DATA PROVIDED:
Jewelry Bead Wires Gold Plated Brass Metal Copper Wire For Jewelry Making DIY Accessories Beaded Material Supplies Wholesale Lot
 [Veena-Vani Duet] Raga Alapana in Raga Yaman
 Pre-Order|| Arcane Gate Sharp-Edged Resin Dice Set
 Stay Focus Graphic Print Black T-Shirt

YOUR ASSIGNMENT: The answer must be the full listing, repeated word for word.

ANSWER SPACE:
Jewelry Bead Wires Gold Plated Brass Metal Copper Wire For Jewelry Making DIY Accessories Beaded Material Supplies Wholesale Lot
 [Veena-Vani Duet] Raga Alapana in Raga Yaman
 Pre-Order|| Arcane Gate Sharp-Edged Resin Dice Set
 Stay Focus Graphic Print Black T-Shirt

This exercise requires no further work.